Dual-mass flywheels were developed to address the escalation of torque and power, especially at low revs. The growing concern for the environment and the adoption of more stringent regulations have marked the development of more efficient new engines, lowering the cylinder number to 3 or even 2 cylinders, and allowing the delivery of more torque and power at low revolutions. The counterpart has been an increase in the level of vibration which traditional clutch discs are unable to absorb. This is where the dual-mass flywheels play a key role, making these mechanical developments more viable.
The absorption capacity of the vibration depends on the moving parts of the DMF, these parts are subject to wear. Whenever the clutch is replaced, the DMF should be checked for wear. The two key wear characteristics are freeplay and sideplay (rock). These should be measured to determine whether the flywheel is serviceable. The wear limit specifications can be found in vehicle or flywheel manufacturer's published documentation. Other failure modes are severely grooved/damaged clutch mating surface, grease loss, and cracking.
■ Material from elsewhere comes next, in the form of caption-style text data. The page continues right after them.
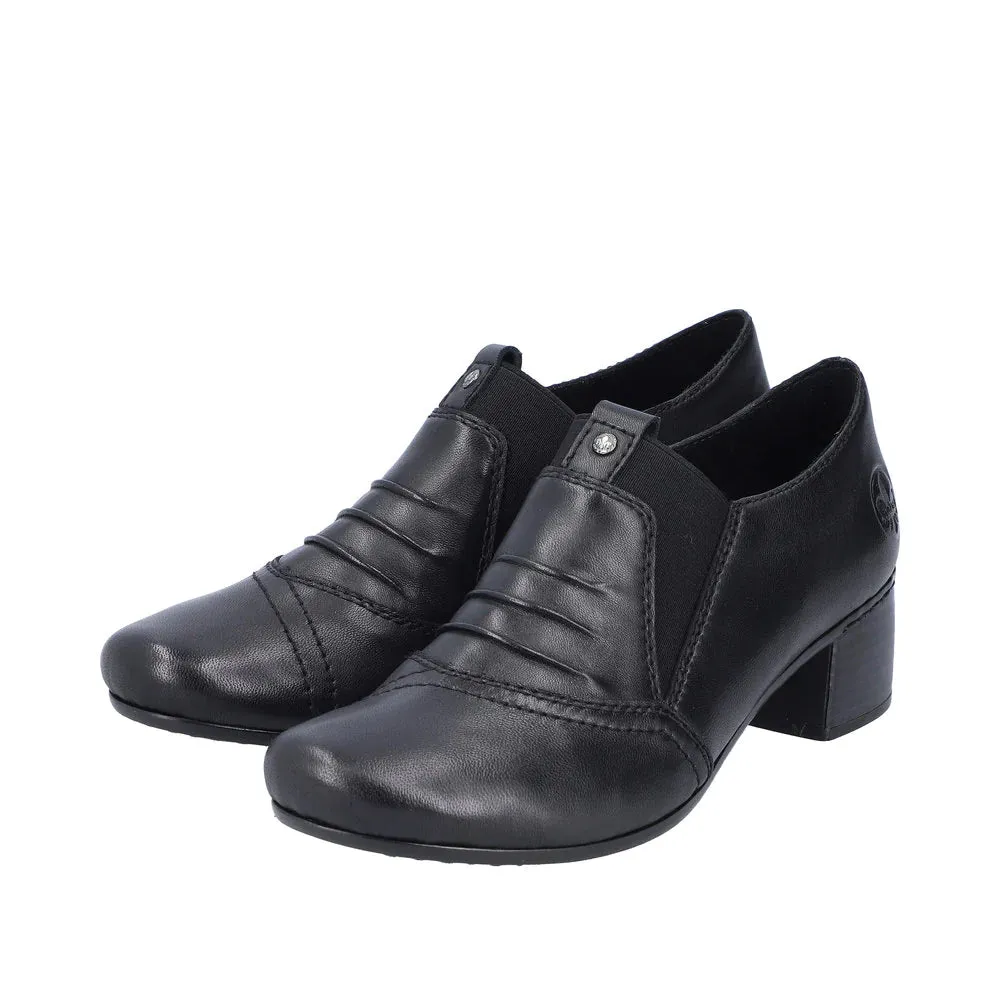 Rieker Shoes 41657-00 Black Slip On Heel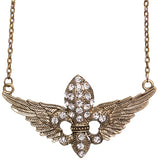 Clear Fleur De Lis Rhinestone Charm Necklace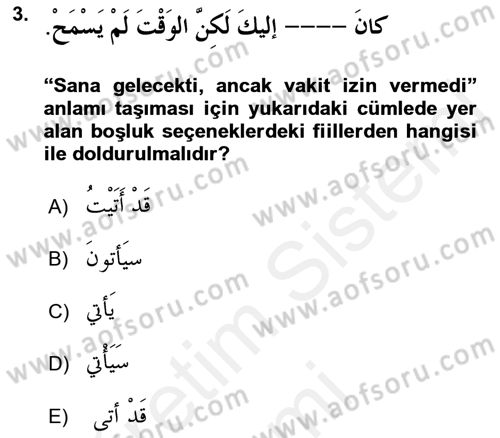 Arapça 3 Dersi 2018 - 2019 Yılı (Final) Dönem Sonu Sınav Soruları 3. Soru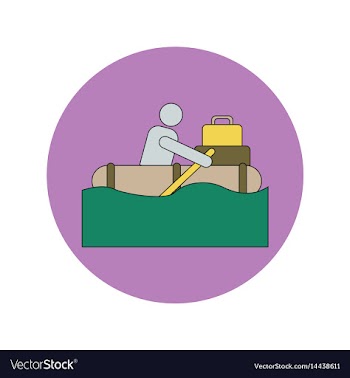 In flat design of man on raft vector image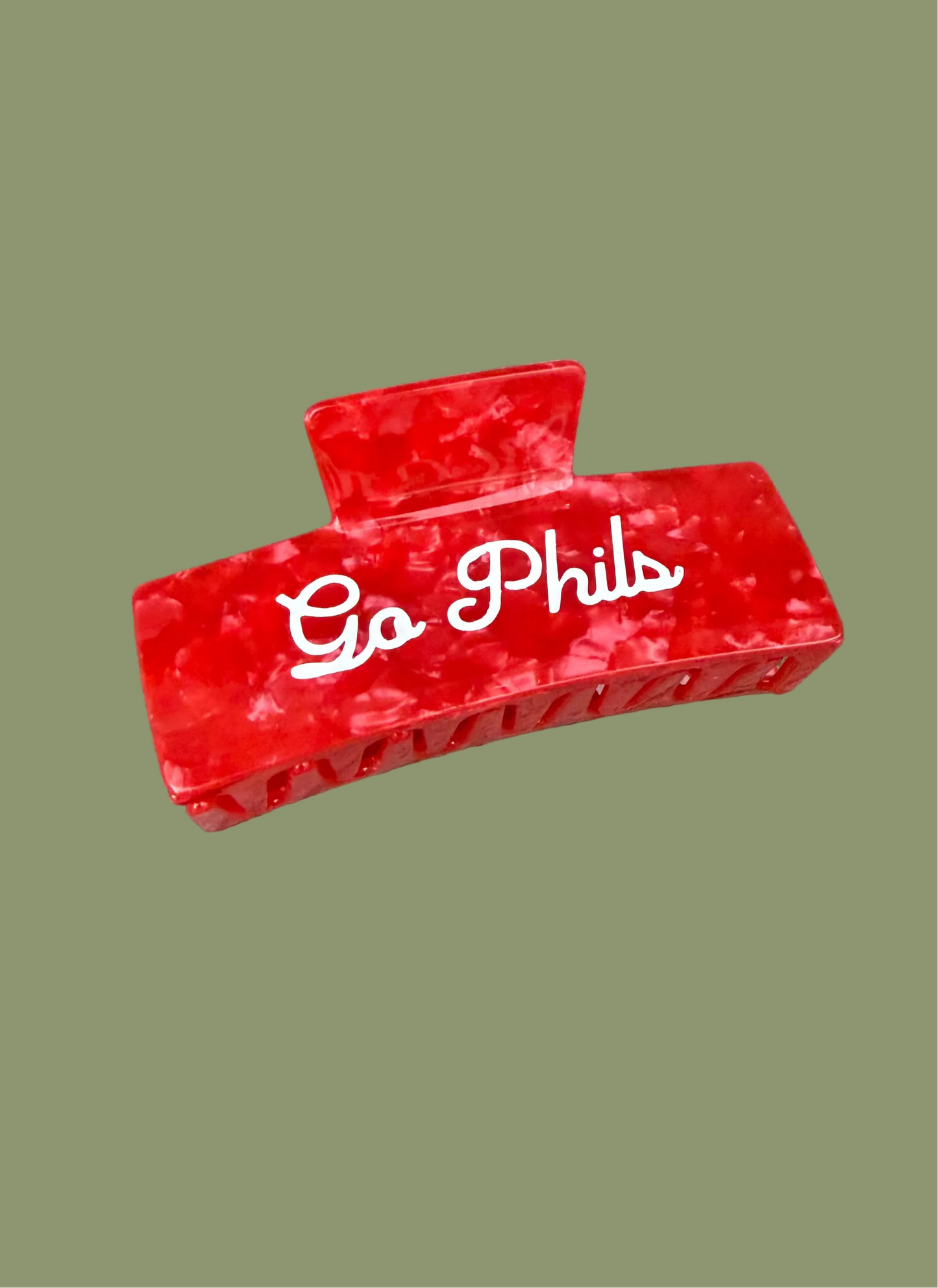Go Phils Cursive Hair Claw Clip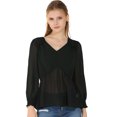 thumbnail image 1 of Allegra K Blusa Top Cuello En V Color Sólido Manga Larga Volantes Para Mujeres Negro L, 1 of 6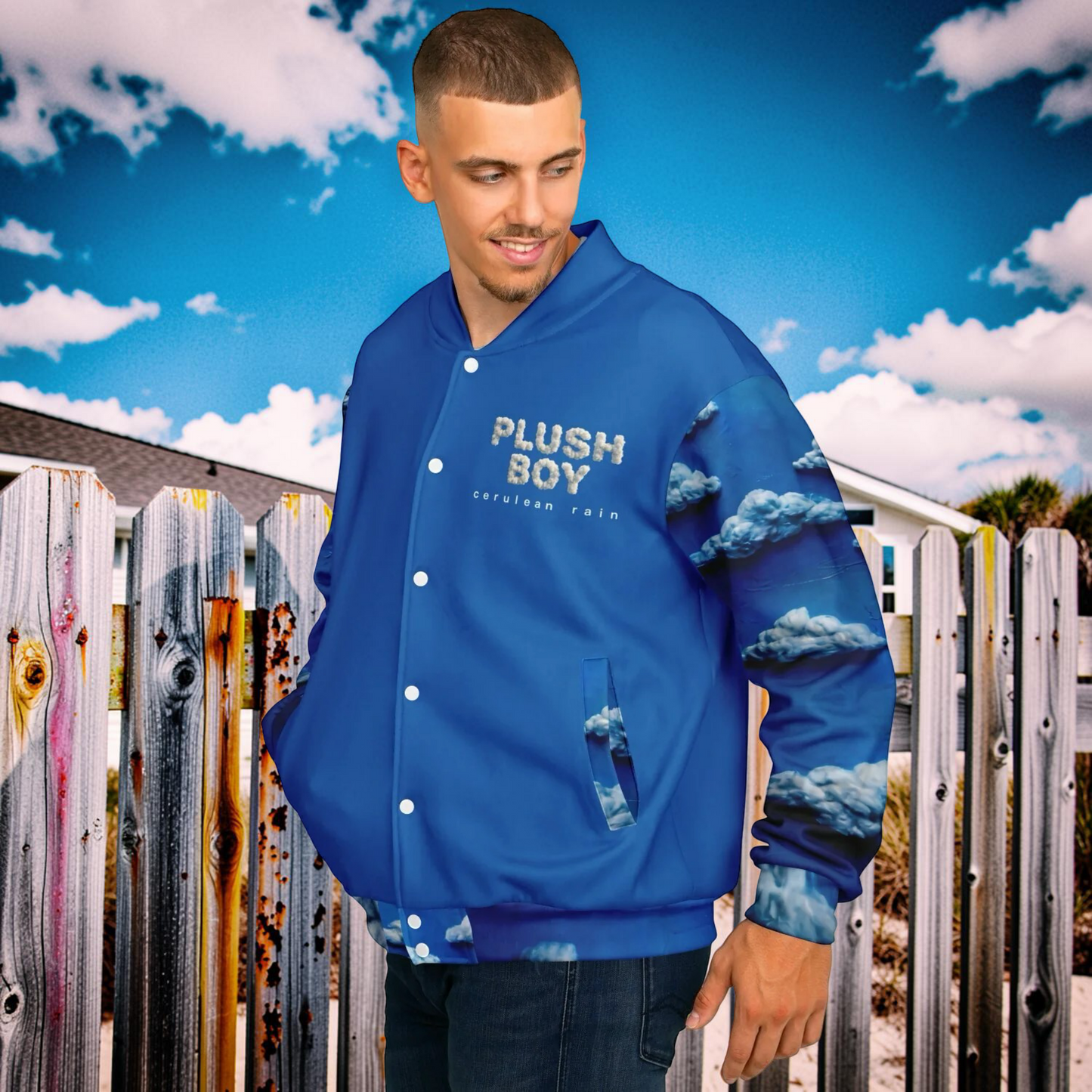 CERULEAN RAIN Baseball Jacket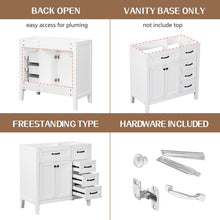 Load image into Gallery viewer, Modern Bathroom Vanity Base Only, 2 Doors And 3 Drawers
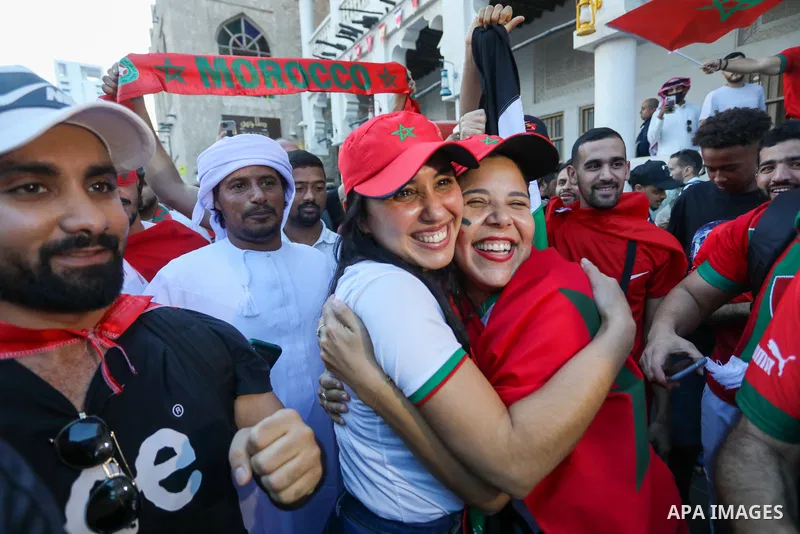Morocco fans gather at Souq Waqif during the FIFA World Cup Qatar 2022 in Doha, Qatar on December 14, 2022. Photo by Ashraf Amra\ apaimages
The main type is called a planetary DMF. The planetary gear and the torsional damper are incorporated into the main flywheel. For this purpose, the main flywheel is divided into primary and secondary pinion-connected masses, and between them there are four different types of bent springs:
Individual bent spring
The simplest form of the bent spring is the standard single arc spring.
One-phase bent springs in parallel
The standard arc springs are called parallel springs of one phase. These consist of an outer and an inner arc spring of almost equal lengths and connected in parallel. The individual characteristic curves of the two arc springs are added to form the characteristic curve of the spring pair.
Two-phase bent springs in parallel
In the case of two-stage spring there are two curved parallel arc springs, one inside the other, but the internal arc spring is shorter so that it acts later. The characteristic curve of the outer arc spring is adapted to increase when the engine is started. The softer outer arc spring only acts to increase the problematic resonance frequency range. When the torque increases, reaching the maximum value, the internal arc spring also acts. In this second phase, the inner and outer arc springs work together. The collaboration of both arc springs thus ensures good acoustic isolation at all engine speeds.
Three-phase bent spring
This curved spring consists of an outer and two inner arc springs with different elastic characteristics connected in series. This category of bent spring uses the two concepts together: parallel and series connection in order to ensure optimal torsional compensation for each value of torque.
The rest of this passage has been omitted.